The other factor is time, and I like having a short intensified period of time to create on site. It forces to me to respond in an immediate way, it allows me to enter another psychological state- perhaps this is related to my experience with performance, or why I work in such a performative way. I spend much time beforehand thinking and preparing, but then the works are made in this heightened state. I've learned over the years that this method suits me best- whether I am working in performance, installation, or even drawing and video. I need to feel very free, almost lost, as if anything can happen in that space, and that allows the "magic" to come in and take me by surprise. It forces quick and decisive decisions. So for example, most of my recent installations are done in 3-4 days, working 8-12 hours a day (I do sleep.) I set up all my materials and start off by jumping right in, making marks, just covering ground, mapping out the space. I move around a lot, going up and down the ladder, walking back and forth through the space - I remember everyone was surprised at ROCO, because I know the work seems so methodical and meditative, but it's really quite chaotic - more like a methodical madness. Just as the piece is starting to take shape, usually somewhere around the middle to the end of the second day, I try to do something drastic to it, to surprise myself and force a response. It gets very hard to "see" the piece any more because I'm so inside of it. For example, in the ROCO piece, I reached a point where it felt too elegant and refined, so I went into several sections and "gnarled" it up, laid in some dark, heavy, messy places of energy. That gave me something to resolve the last day, and created the right balance of "desire and repulsion" or "absence and excess."

On a physical level, I leave less or more of the hair embedded in the paint and wall, but in the ROCO piece, I really wanted to emphasize the aspect of loss, through "trace" and only left an imprint of the hair on the wall. I was using only a few of the same pieces of hair over and over, so in the end I left those on the floor in little, almost invisible, tufts. While working on that piece I was thinking a lot about the cuts of hair themselves, the times in my life they signified, now gone, and the seeds of my current piece were germinating. I had a vision of an entire work made from a single haircut, which led to the creation of the video and performance "Cut," to be presented in less than a week. I start installation at PanAmerican tomorrow, and I have a whole bag of hair filled with my recent cut hair. I imagine that I will again leave just the trace of the hair on the wall, to emphasize that sense of loss and the translation of one material to another. I have a few ideas in my head regarding composition, and how the space and drawing will relate to the video, but when I walk in tomorrow I will start with a blank slate!

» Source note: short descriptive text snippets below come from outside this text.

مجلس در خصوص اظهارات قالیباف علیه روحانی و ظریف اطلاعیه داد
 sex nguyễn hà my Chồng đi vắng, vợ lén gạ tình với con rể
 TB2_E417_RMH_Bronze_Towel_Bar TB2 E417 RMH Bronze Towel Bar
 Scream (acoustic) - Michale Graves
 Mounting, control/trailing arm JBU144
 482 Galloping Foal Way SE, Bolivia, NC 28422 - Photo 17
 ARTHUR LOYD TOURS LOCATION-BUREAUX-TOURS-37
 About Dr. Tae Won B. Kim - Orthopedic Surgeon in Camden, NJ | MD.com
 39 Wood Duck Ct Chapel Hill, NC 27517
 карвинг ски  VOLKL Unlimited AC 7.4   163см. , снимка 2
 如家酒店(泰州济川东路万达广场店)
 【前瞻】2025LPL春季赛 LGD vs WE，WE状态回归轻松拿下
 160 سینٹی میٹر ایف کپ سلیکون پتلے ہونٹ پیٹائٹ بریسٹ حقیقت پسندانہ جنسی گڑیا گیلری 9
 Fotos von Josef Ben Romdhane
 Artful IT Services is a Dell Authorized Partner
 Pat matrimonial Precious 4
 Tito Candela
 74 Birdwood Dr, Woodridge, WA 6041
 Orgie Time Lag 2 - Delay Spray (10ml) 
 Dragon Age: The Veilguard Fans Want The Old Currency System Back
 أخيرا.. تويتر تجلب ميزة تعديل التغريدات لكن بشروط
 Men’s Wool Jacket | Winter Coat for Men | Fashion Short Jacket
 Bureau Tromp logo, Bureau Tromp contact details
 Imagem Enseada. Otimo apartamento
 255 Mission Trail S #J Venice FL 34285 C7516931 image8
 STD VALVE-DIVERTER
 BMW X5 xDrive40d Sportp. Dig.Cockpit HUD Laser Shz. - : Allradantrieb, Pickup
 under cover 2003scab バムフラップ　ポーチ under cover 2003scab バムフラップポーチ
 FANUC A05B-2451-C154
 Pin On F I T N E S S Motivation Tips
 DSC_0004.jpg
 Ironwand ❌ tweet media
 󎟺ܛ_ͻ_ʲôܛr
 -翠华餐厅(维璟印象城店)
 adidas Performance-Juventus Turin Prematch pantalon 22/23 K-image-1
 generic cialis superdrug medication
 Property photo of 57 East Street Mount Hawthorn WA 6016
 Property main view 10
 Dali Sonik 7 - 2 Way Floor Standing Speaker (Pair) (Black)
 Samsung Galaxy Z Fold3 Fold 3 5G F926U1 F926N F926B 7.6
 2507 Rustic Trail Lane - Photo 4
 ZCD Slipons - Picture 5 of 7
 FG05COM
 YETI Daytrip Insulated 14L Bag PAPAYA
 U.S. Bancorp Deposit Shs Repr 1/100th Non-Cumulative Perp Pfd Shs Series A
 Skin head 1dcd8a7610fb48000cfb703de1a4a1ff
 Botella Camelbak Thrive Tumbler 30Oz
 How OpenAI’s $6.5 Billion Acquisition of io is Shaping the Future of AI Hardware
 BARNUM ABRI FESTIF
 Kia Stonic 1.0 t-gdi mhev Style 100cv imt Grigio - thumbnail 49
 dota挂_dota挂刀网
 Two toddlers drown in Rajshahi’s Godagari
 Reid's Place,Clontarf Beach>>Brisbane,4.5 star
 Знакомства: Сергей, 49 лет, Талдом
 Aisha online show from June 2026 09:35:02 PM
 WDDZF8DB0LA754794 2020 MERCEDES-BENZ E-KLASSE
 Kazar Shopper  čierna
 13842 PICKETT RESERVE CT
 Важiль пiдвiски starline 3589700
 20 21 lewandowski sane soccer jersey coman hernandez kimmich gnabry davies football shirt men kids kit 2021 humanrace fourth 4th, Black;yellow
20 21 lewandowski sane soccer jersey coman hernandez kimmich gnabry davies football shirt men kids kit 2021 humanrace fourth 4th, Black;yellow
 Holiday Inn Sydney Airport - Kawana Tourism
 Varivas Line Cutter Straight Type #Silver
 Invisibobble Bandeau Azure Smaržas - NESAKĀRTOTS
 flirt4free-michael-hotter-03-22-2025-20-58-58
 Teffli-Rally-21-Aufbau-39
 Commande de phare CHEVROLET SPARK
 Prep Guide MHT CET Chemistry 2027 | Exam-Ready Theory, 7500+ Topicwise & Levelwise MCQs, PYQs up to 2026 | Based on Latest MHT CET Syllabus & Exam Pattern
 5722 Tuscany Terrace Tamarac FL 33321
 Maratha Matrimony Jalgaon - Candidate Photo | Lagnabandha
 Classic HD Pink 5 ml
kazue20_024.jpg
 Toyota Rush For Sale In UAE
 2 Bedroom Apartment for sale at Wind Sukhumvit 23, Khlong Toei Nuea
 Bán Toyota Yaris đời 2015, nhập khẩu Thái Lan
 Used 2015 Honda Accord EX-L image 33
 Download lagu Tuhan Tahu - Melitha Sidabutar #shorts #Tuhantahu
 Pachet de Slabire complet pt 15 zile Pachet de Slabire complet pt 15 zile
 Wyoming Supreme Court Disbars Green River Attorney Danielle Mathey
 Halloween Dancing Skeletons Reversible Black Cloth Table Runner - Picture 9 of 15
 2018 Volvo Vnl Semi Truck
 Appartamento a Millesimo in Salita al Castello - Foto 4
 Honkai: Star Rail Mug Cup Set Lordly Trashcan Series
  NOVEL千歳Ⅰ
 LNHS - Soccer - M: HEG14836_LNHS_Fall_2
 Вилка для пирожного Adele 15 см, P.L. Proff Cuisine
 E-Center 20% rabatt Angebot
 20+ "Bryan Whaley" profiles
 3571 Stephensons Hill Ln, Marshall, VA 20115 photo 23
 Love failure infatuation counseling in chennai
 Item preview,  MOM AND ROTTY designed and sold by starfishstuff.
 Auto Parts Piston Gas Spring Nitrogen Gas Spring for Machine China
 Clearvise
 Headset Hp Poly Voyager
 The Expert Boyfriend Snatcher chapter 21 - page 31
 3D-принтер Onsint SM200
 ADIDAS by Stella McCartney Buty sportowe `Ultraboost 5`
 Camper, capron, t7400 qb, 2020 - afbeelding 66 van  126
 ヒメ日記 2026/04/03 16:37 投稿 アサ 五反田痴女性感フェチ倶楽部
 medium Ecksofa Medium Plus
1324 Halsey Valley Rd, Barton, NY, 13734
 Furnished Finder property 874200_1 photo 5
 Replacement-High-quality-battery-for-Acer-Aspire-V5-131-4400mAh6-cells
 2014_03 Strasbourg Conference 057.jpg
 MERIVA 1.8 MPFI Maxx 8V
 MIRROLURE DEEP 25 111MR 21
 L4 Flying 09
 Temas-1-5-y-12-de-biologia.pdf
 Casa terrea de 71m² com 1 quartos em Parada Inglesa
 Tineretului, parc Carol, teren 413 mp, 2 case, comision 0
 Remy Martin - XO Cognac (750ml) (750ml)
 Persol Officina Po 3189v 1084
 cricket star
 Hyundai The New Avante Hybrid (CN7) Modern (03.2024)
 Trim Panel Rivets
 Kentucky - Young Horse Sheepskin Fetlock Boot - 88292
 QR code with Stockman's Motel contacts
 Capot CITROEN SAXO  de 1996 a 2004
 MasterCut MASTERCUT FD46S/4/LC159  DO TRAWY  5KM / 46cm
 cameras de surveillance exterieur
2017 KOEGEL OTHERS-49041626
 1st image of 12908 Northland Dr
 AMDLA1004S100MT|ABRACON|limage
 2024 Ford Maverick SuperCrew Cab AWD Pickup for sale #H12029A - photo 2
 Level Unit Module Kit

SARAH: One thing that interests me in both your work, as well as my own, is this interplay, or rather push pull between permanence and performance. I know we have both been influenced by the writings of Peggy Phelan, and she has written so perceptively that "the disappearance of the object is fundamental to performance; it rehearses and repeats the disappearance of the subject who longs always to be remembered." This theme resonates with me specifically when considering artists who work with ephemeral materials, or detritus. For example, by using your own hair, you have chosen a material that has the ability to grow and regenerate, as well as to be cut, and disappear. And while you might repeat the process of using your hair in your wall paintings, the work is never merely a reenactment of a previous work, but rather responsive to the new environment.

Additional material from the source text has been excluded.